Q19. Regression — Causation Trap
A city finds a strong correlation (\(r = 0.92\)) between ice cream sales and drowning deaths across summer months. A city council member proposes restricting ice cream sales near beaches. What is wrong with this reasoning?
(b) Correlation \(\neq\) causation. Hot weather increases both ice cream purchases and swimming activity (which increases drowning risk). Temperature is the confounding variable driving both. Restricting ice cream would not reduce drownings. Establishing causation requires: (1) temporal precedence (cause before effect), (2) a plausible mechanism, and (3) ruling out confounders — ideally through controlled experiments. Regression alone cannot establish any of these.
Q20. Regression — Adjusted R-squared
You add 15 random noise variables (generated from random numbers with no relationship to the response) to a regression model. What happens to \(R^2\) and adjusted \(R^2\)?
(c) \(R^2\) always increases (or stays the same) when you add predictors, even random noise. It’s a mathematical property — more variables can only reduce residual variance on the training data, even by accident. Adjusted \(R^2\) penalizes model complexity, so adding useless variables causes the penalty to outweigh the tiny \(R^2\) gain, and adjusted \(R^2\) decreases. This is why adjusted \(R^2\) (or AIC/BIC) is preferred for model comparison over raw \(R^2\).
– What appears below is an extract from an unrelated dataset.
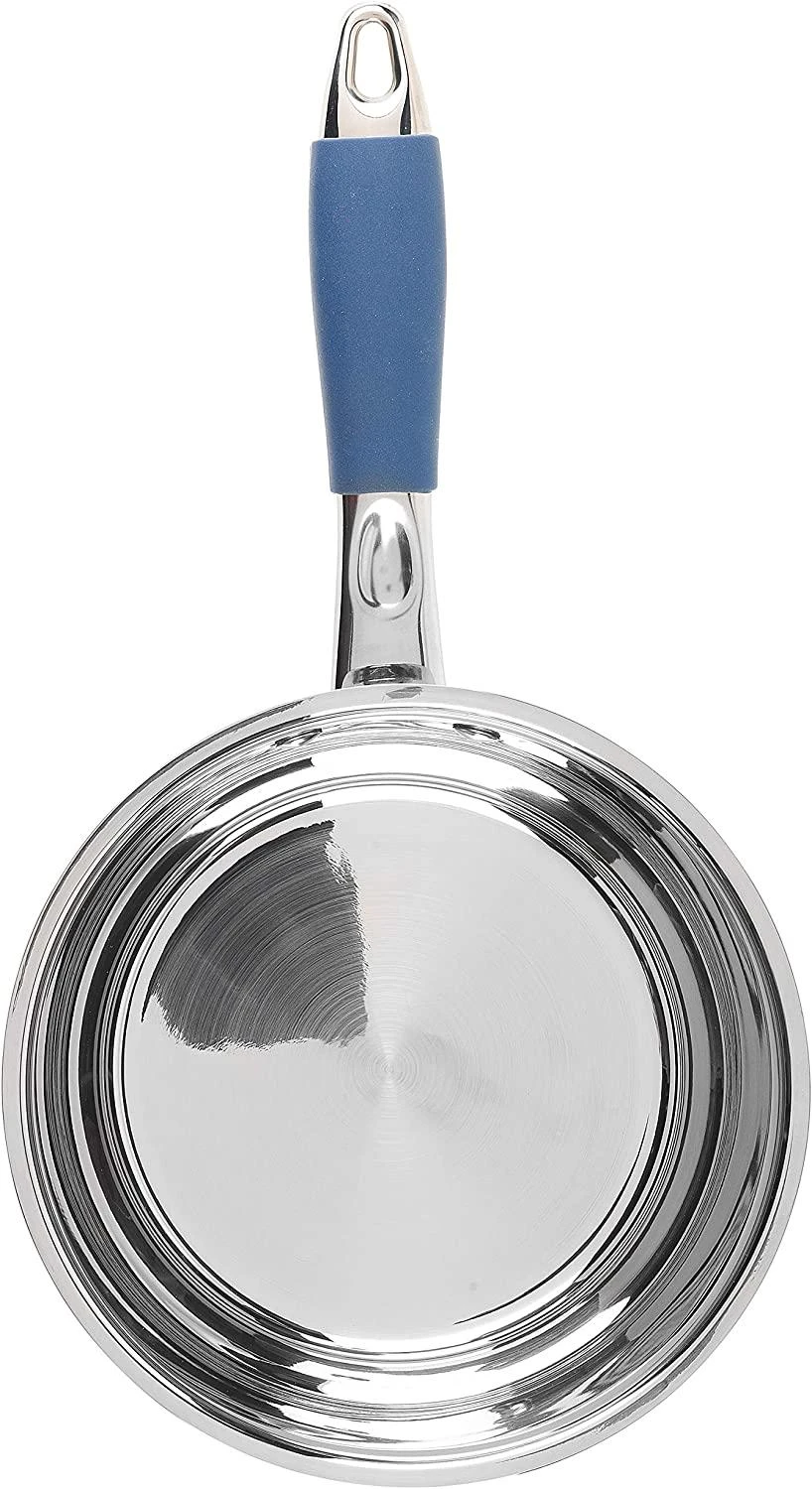 Russell Hobbs RH01178EU Opulence set 3vnt mėlynos spalvos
Q21. Regression — Residual Diagnostics
Your regression residual plot shows a clear fan shape (residuals spread wider as the fitted values increase). What does this indicate and what is the fix?
(c) Heteroscedasticity. The fan shape means the variance of errors is not constant — it increases with the fitted value. This violates a key regression assumption. Box-Cox transformation addresses this by finding a power transformation (\(y^\lambda\)) that stabilizes the variance. The special case \(\lambda = 0\) corresponds to \(\log(y)\), which is common for financial data where variance scales with magnitude.
F13. Explain: Why Doesn’t a Significant Regression Prove Causation?
A researcher shows you a regression with \(p < 0.001\) and says “This proves X causes Y.” Explain why they are wrong, using the ice cream and drowning example.
What three conditions are needed for causation? Which ones does regression check?
Regression tells you that two variables move together and that the pattern is unlikely due to chance. That’s it. It does not establish causation.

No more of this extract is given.